[論文レビュー] The damage spreading transition: a hierarchy of renormalization group fixed points

Deterministic classical cellular automata can be in two phases, depending on how irreversible the dynamical rules are. In the strongly irreversible phase, trajectories with different initial conditions coalesce quickly, while in the weakly irreversible phase, trajectories with different initial conditions can remain different for a time exponential in the system volume. The transition between these phases is referred to as the damage-spreading transition (the "damaged" sites are those that differ between the trajectories). We develop a theory for this transition. In the simplest and most generic setting, the transition is known to be related to directed percolation, one of the best-studied nonequilibrium phase transitions. However, we show that full theory of the damage-spreading critical point is richer than directed percolation, and contains an infinite hierarchy of sectors of local observables. Directed percolation describes the first level of the hierarchy.

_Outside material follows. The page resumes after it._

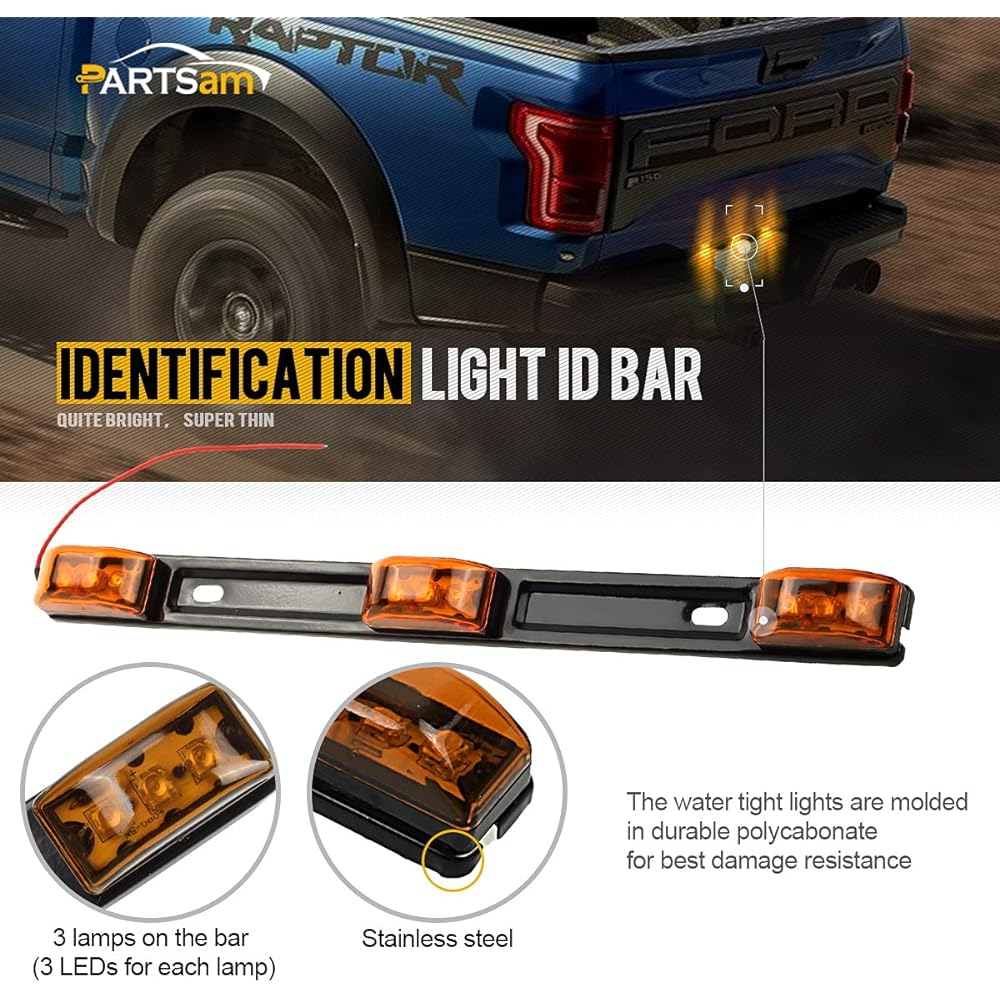 PARTSAM 2 Unber Rack Trailer ID Light Bar 9LED 3 Lamp Front Clearance Identification Light Bar Amber Clearance Marker Light Strip Bar Stainless Steel Bracket Waterproof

The higher observables include "overlaps" for multiple trajectories, and may be labeled by set partitions. (These higher observables arise naturally if, for example, we consider decay of entropy under the irreversible dynamics.) The full hierarchy yields a hierarchy of nonequilibrium fixed points for reaction-diffusion-type processes, all of which contain directed percolation as a subsector, but which possess additional universal critical exponents. We analyze these higher fixed points using a field theory formulation and renormalization group arguments, and using simulations in 1+1 dimensions.